---------- Provided entries ----------
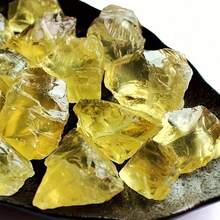 Natural Raw Citrine Chunks | 100% Authentic Faux Gemstone Specimens For Jewelry Making, Mineral Collecting & Geode Decor | Bulk Tumbled Stone Pieces, DIY Craft Supplies & STEM Education Kit - Yellow - View 5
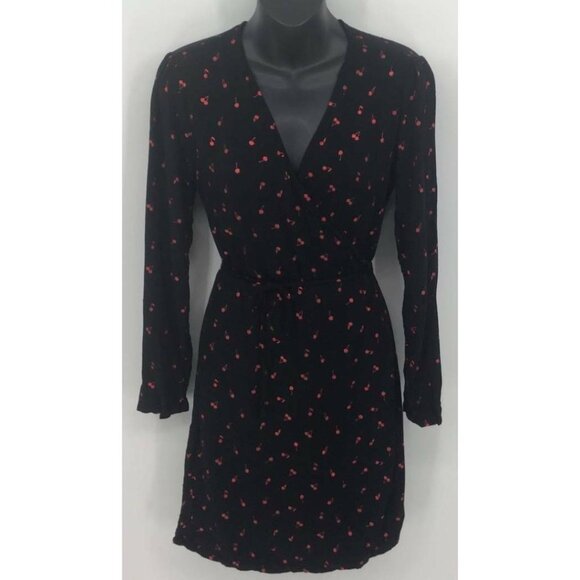 Rails Lola Metallic Cherries Wrap Dress XS Extra - Picture 1 of 7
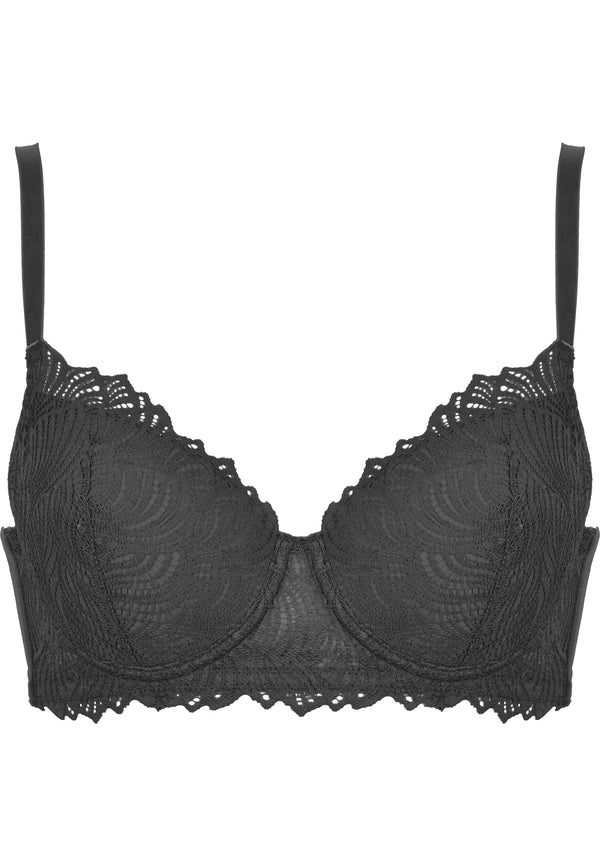 Naturana Bügel-BH mit Spitze - Schwarz Hotsell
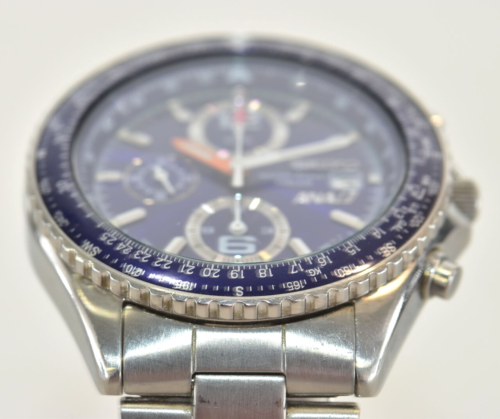 New Battery SEIKO ANA Flightmaster Pilot 7T92-0CF0 Blue Dial Quartz Men's Watch - Picture 12 of 16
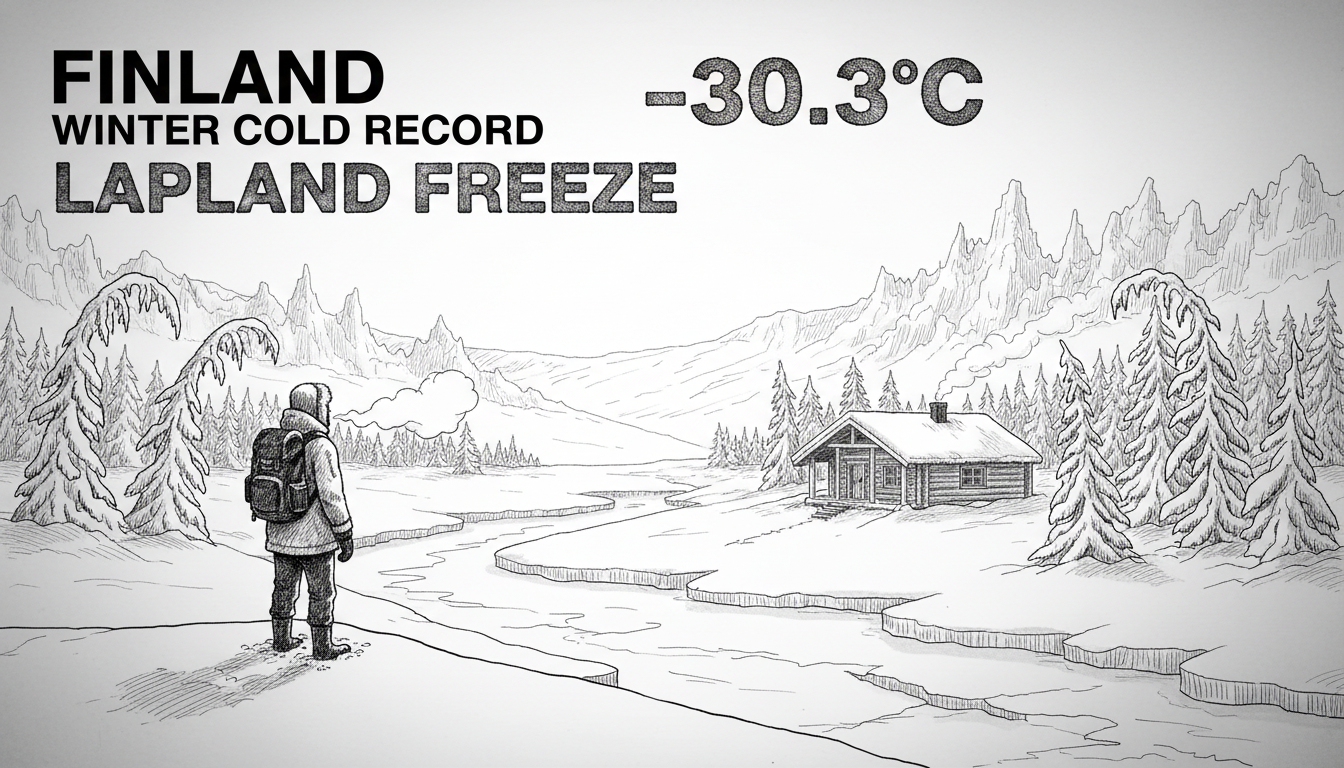 Finland's Winter Cold Record Shattered in Lapland Freeze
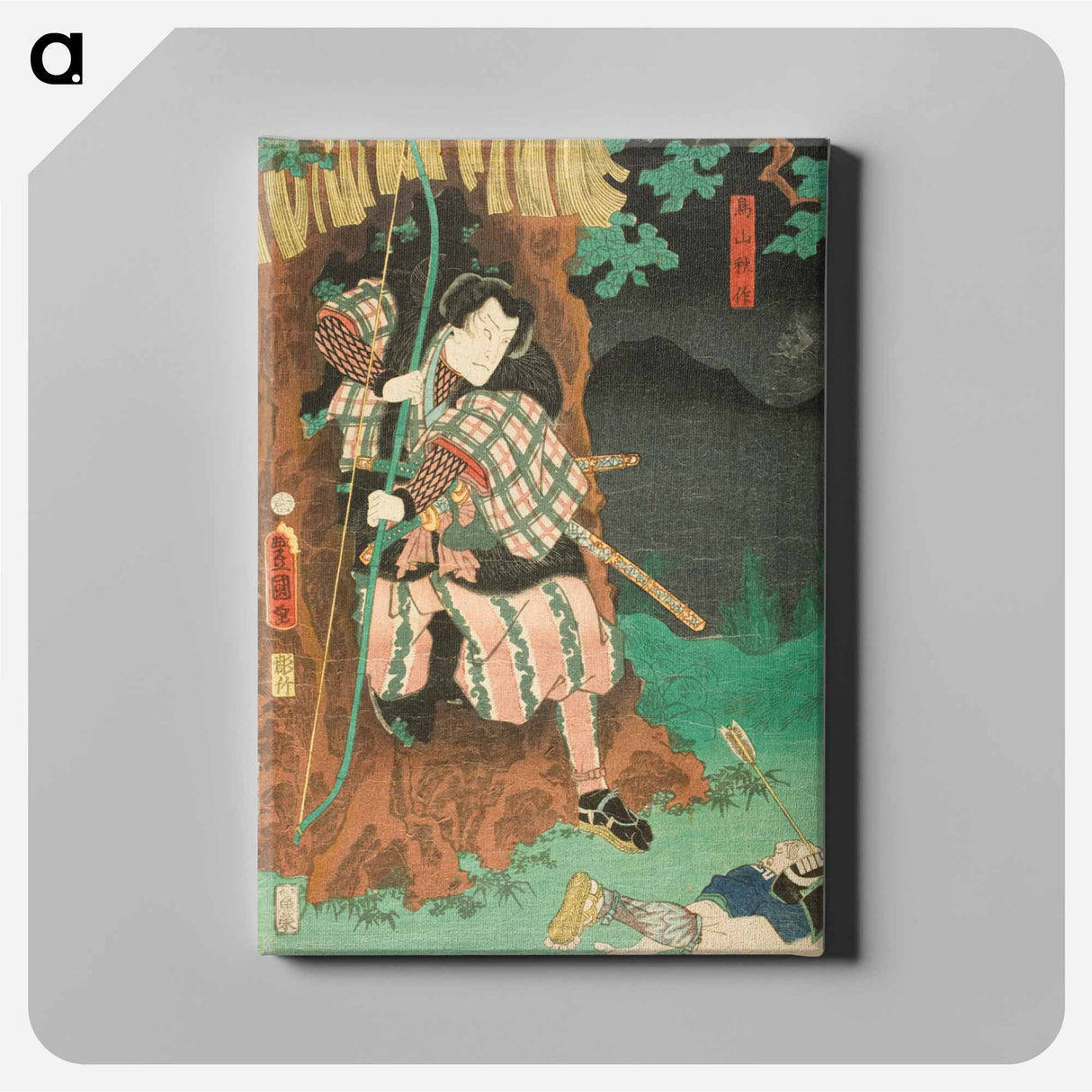 アートパネル-Actor as Toriyama Akisaku in Shiranui Monogatari
- 歌川 国貞 Canvas.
----------
Required action:
Your output must consist only of the lines from the line with "Naturana Bügel-BH mit" through the final line of the data, both included, reproduced exactly and free of pictures.

Output of the exercise:
 Naturana Bügel-BH mit Spitze - Schwarz Hotsell
 New Battery SEIKO ANA Flightmaster Pilot 7T92-0CF0 Blue Dial Quartz Men's Watch - Picture 12 of 16
 Finland's Winter Cold Record Shattered in Lapland Freeze
 アートパネル-Actor as Toriyama Akisaku in Shiranui Monogatari
- 歌川 国貞 Canvas.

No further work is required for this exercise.